## DATA SHOWN
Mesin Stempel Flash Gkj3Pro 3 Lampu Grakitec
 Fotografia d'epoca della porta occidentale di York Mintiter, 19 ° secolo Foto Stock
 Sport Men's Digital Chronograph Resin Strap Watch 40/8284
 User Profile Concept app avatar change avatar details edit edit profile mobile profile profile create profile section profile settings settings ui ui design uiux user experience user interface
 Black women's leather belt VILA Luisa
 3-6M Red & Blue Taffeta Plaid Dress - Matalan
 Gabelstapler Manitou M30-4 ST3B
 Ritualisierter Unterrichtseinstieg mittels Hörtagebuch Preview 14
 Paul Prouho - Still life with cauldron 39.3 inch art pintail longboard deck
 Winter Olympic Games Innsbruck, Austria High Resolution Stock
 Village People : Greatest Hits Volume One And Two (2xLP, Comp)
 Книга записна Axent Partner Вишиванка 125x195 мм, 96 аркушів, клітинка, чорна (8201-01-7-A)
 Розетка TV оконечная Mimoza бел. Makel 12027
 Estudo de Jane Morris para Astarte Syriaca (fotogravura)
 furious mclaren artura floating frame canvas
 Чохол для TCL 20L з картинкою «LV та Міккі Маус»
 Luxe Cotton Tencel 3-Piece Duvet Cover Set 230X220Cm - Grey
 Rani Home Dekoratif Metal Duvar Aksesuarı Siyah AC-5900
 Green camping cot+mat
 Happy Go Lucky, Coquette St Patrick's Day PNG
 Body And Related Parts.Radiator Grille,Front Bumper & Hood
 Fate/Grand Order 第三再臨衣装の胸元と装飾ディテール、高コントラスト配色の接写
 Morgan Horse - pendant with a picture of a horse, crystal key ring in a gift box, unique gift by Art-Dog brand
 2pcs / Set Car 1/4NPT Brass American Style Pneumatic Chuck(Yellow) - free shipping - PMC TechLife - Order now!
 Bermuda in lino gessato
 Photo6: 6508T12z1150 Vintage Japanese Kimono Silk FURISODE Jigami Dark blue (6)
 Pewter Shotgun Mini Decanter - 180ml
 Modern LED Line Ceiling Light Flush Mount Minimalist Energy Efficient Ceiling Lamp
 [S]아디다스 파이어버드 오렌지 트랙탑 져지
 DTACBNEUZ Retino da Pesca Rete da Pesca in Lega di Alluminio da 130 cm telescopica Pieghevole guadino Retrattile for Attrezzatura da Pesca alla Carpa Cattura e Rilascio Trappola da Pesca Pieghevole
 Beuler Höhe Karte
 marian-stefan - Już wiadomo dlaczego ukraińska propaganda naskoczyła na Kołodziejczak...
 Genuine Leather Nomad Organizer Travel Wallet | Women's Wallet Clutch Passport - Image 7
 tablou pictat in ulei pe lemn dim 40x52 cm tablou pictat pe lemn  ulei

## EXERCISE BRIEF
Would you print exactly and only the lines of the material above that run from the line with "3-6M Red & Blue" through the line with "[S]아디다스 파이어버드 오렌지 트랙탑 져지", both included?

## PROBLEM SOLUTION
 3-6M Red & Blue Taffeta Plaid Dress - Matalan
 Gabelstapler Manitou M30-4 ST3B
 Ritualisierter Unterrichtseinstieg mittels Hörtagebuch Preview 14
 Paul Prouho - Still life with cauldron 39.3 inch art pintail longboard deck
 Winter Olympic Games Innsbruck, Austria High Resolution Stock
 Village People : Greatest Hits Volume One And Two (2xLP, Comp)
 Книга записна Axent Partner Вишиванка 125x195 мм, 96 аркушів, клітинка, чорна (8201-01-7-A)
 Розетка TV оконечная Mimoza бел. Makel 12027
 Estudo de Jane Morris para Astarte Syriaca (fotogravura)
 furious mclaren artura floating frame canvas
 Чохол для TCL 20L з картинкою «LV та Міккі Маус»
 Luxe Cotton Tencel 3-Piece Duvet Cover Set 230X220Cm - Grey
 Rani Home Dekoratif Metal Duvar Aksesuarı Siyah AC-5900
 Green camping cot+mat
 Happy Go Lucky, Coquette St Patrick's Day PNG
 Body And Related Parts.Radiator Grille,Front Bumper & Hood
 Fate/Grand Order 第三再臨衣装の胸元と装飾ディテール、高コントラスト配色の接写
 Morgan Horse - pendant with a picture of a horse, crystal key ring in a gift box, unique gift by Art-Dog brand
 2pcs / Set Car 1/4NPT Brass American Style Pneumatic Chuck(Yellow) - free shipping - PMC TechLife - Order now!
 Bermuda in lino gessato
 Photo6: 6508T12z1150 Vintage Japanese Kimono Silk FURISODE Jigami Dark blue (6)
 Pewter Shotgun Mini Decanter - 180ml
 Modern LED Line Ceiling Light Flush Mount Minimalist Energy Efficient Ceiling Lamp
 [S]아디다스 파이어버드 오렌지 트랙탑 져지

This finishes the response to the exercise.